Can not write to array - intermittently (SOLVED)


Recommended Posts

Hello,

 

I have 2 unRaid servers with 23 disks in each server, both running on Supermicro MBs, though each uses a different model, both running unRaid 6.3.1. While one server runs perfectly all of the time, the other server gives me grief on a daily basis. I have searched the posts here looking for someone with the same problem, but I can not find a situation identical to mine.

1. Sometimes the rogue server runs perfectly. I can read and write from it to and from my Windows 7 and Windows 10 machines with no issues.

2. Sometimes just a single disk will give me problems writing to it, though I don't seem to have any problems reading from it.

3. The web UI connects fine most of the time as "Tower1", but if it does not connect that way, then I simply put in the IP address (it is running a static IP) and I seem to be able to connect to it then.

4. Sometimes the server "refuses" any and all connections made in any way -  I can't connect via the web UI nor can I find it in my local LAN, nor can I access a mapped drive. If I just wait for 5 or 10 minutes, it will usually run fine, as if nothing was wrong.

5. Some disks will fill up only to a certain point, writing fine, and then they will refuse to accept any further files. I ALWAYS write directly to the disks, NEVER to the user shares.
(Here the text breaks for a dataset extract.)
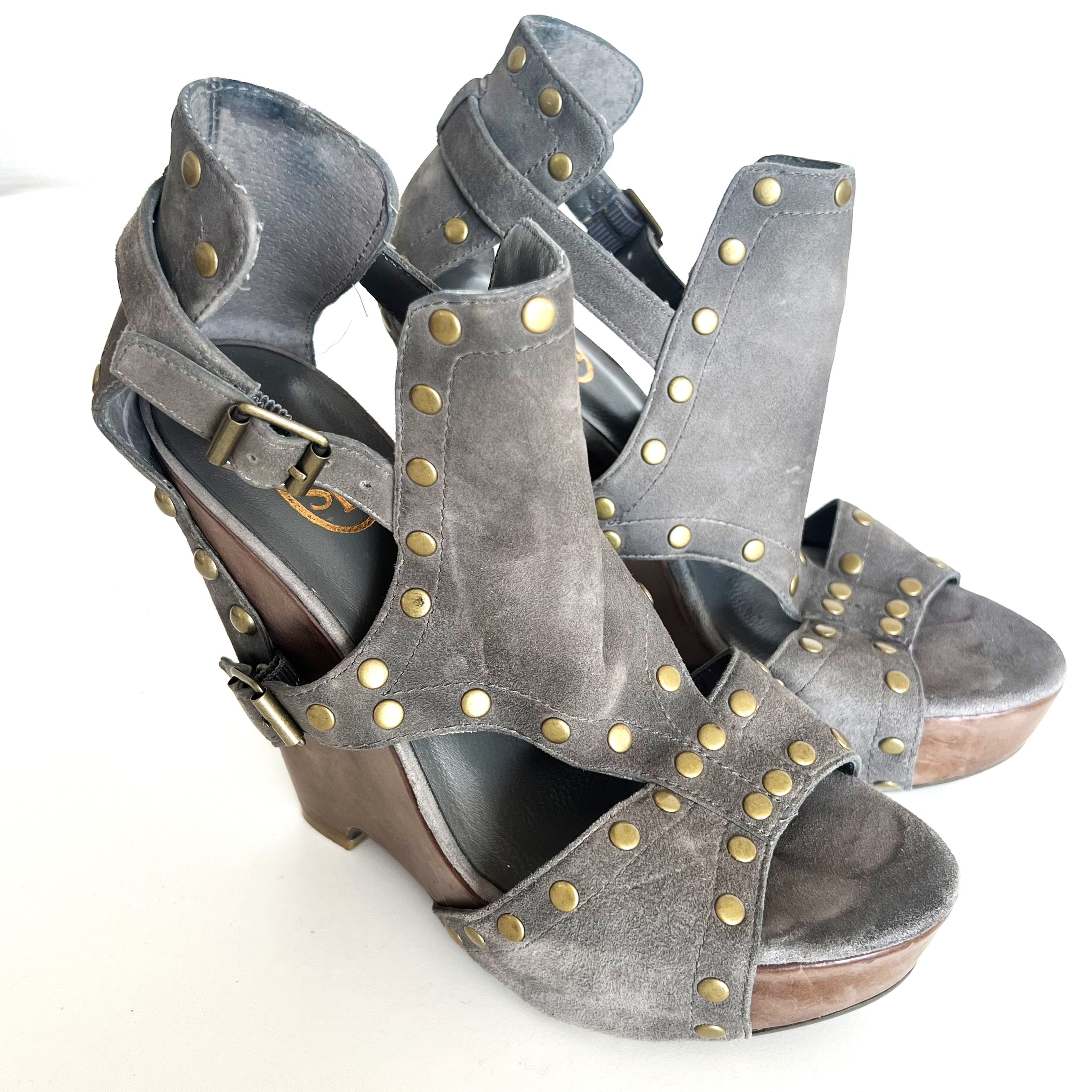 Acheter Chaussures à talons compensées Ash Vert kaki cuir velours - T37 Bon état - 34,00 € Chaussures à talons compensées Ash Vert kaki cuir velours - T37 Bon état reconditionné disponible sur Label Emmaüs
6. I can get around problem #5 by writing the files to the cache disk, and then launching Midnight Commander in a Putty window. MC is always successful copying the files from the cache disk to the final destination array disk.

 

Like I said, I have 2 servers running identical versions of the software, setup identically, and Tower1 gives me a constant headache while Tower2 runs absolutely perfectly, so I don't understand what the problem is. Also, Tower1 runs fine and then starts refusing connections RANDOMLY whenever it wants to and nothing I can do will make it run fine again until IT decides it wants to behave - then it fixes itself until it launches its next tantrum. I have put up with this behavior for years with this machine, running lots of different version 5 software, and then version 6 software, so this is a problem that I don't believe is software dependent, though I could be wrong. Tower 2 has run perfectly regardless of which software version I have installed.

 

It is almost like Tower1 is a temperamental bitch with human qualities, acting whatever way she wants to act at the time.

 

I have attached my syslog for those who have a clue (I don't).

 

If there is any other information you want or need, I will try me best to provide it for you.

 

Thanks for listening!

OddwunnSyslog.txt

OddwunnSyslog.txt

Edited by Oddwunn
problem solved
Link to comment

The following needs to be solved.

 

Do you have something else also named "Tower1"?

 

If you power off your Tower1 and wait a while - will your Windows machines be able to find another Tower1?

 

Does your DHCP server allow you to see log entries of the devices it has sent out IP numbers to?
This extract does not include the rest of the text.